Irish premier says Brexit extension ‘better than no-deal’
Leo Varadkar said he would agree to an extension if it was put on the table by the British PM.
The Irish premier has said Ireland would likely agree to a request by the UK for a Brexit extension.
Speaking in Denmark, moments after court documents revealed the UK Prime Minister will ask for a delay if he fails to get a deal with Brussels for the UK’s departure from the EU, Leo Varadkar said if Boris Johnson submits a request for an extension, he would agree.
“I’ve always said that Brexit doesn’t end with the UK leaving, it’s just the next phase of negotiations, but if the UK were to request and extension, we would consider it, most EU countries would only consider it for good reason, but an extension would be better than no deal,” he said.
Mr Varadkar was speaking alongside the Danish prime minister Mette Frederiksen, who also agreed to a Brexit extension, before he added that he still believes a deal is possible at the EU Council Summit in mid-October.
“Our focus is on securing an agreement and getting a deal at the EU Council Summit,” the Taoiseach added.
“I believe that’s possible but in order for it to be possible all sides have to reaffirm the shared objectives, when this started two or three years ago, coming to an agreement required no hard border between Ireland, north and south, that the integrity of the Single Market of the European Union will be protected, and that the all-island economy will be protected.
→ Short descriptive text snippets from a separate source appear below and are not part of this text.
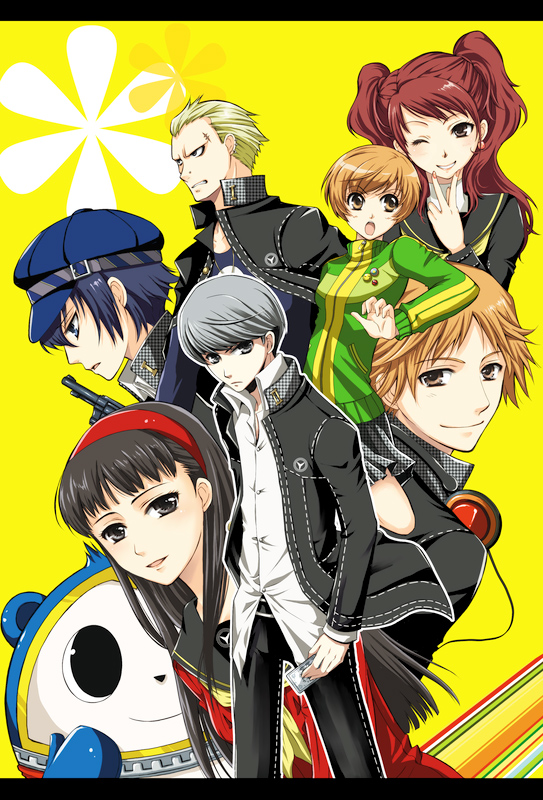 nekopu, amagi yukiko, hanamura yousuke, kujikawa rise, kuma (persona 4), narukami yu, satonaka chie, shirogane naoto, tatsumi kanji, atlus, persona, persona 4, 3boys, 4girls, androgynous, black eyes, black hair, blue eyes, blue hair, brown eyes, brown hair, everyone, grey hair, gun, hairband, hat, headphones, headphones around neck, jacket, multiple boys, multiple girls, newsboy cap, red hair, reverse trap, scar, school uniform, serafuku, short hair, skirt, smile, twintails, weapon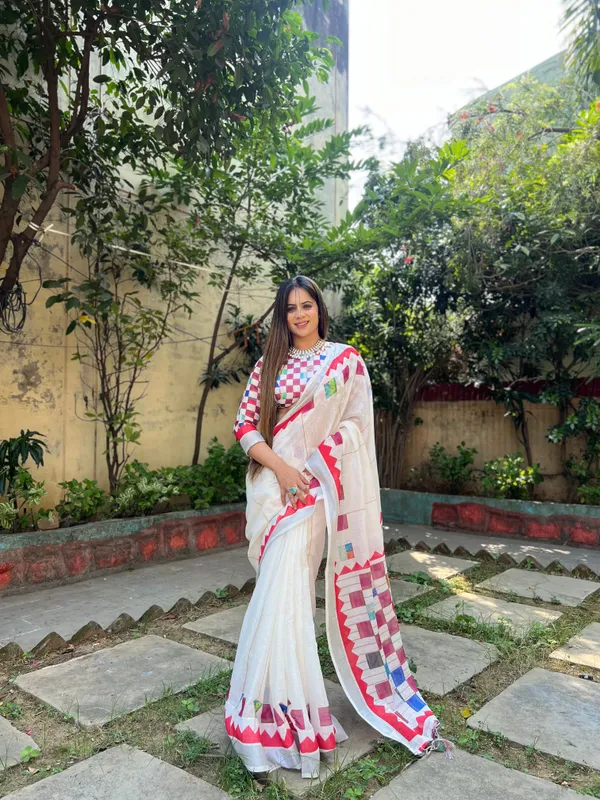 White_Pure_Cotton_Linen_Saree_with_Multicolor_Checkered_Design,_Blouse,_and_Tassel_Detailing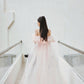 DOLLY Elegant Pastel pink Ruffle Sleeves Long Party Dress- Mina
“What we need to do is refocus on those objectives and come to an agreement by the middle of October, and I think that is possible.”
Excellent to meet up again with Danish PM Mette Frederiksen in Copenhagen. We had a good meeting on Brexit and climate change, and she introduced to an excellent environmental kayaking NGO which collects plastic from the city’s rivers. This NGO is now also in Dublin! pic.twitter.com/qVuEewNeMp— Leo Varadkar (@LeoVaradkar) October 4, 2019
DUP leader Nigel Dodds condemned the Irish Government again on Friday over its criticism of the UK’s proposal plan for leaving the EU.
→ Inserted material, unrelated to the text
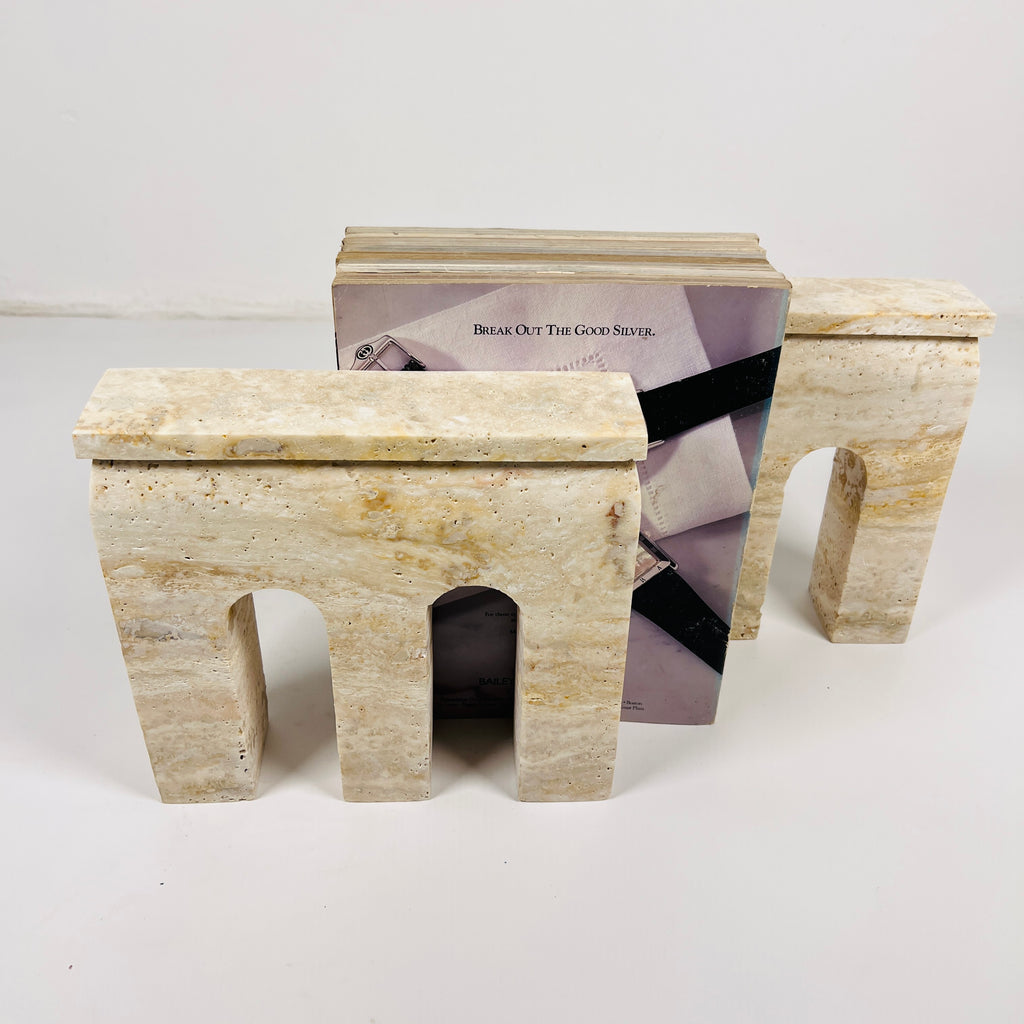 Handmade Travertine Beige Bookend Pair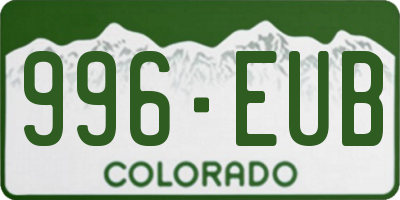 CO license plate 996EUB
“Some of the tone, the rhetoric and substance from both the Taoiseach and from Simon Coveney yesterday was deeply unfortunate,” he said, speaking at Hillsborough Castle after a meeting with Northern Ireland Secretary Julian Smith.
“For Leo Varadkar to go down a list of possible outcomes that would suit the Irish government, talking about Irish reunification and all sorts of fanciful ideas and then saying that the backstop basically was the only other way forward, making it clear in terms that there would be no way out, there would be no alternative to that, that we would be trapped forever in that backstop, he let the cat out of the bag. It was deeply unfortunate and it shows a lack of willingness to engage when he knows that the current backstop and Withdrawal Agreement will not get the support of Parliament.
“We do need people to engage, they need to be open to ideas and they need to respect the consent principle in Northern Ireland and not set it aside when it doesn’t suit them.”
When pressed on DUP criticism earlier, Mr Varadkar said he is “not interested in a quarrel”.
“On what I said yesterday, I don’t think I said anything about the DUP, so I can’t regret a comment I didn’t make – what I can say is that I’m not interested in a quarrel with anyone,” he said.
“I’m interested in solutions, any solution has to have the support of the people of Ireland and Northern Ireland. What’s been put on the table by Mr Johnson is not supported by business or civil society in Northern Ireland, it’s only supported by one political party, so there’s a long way to go.
“Democracy matters, and any agreement that affects Ireland deeply has to have support from people on both parts of the island.”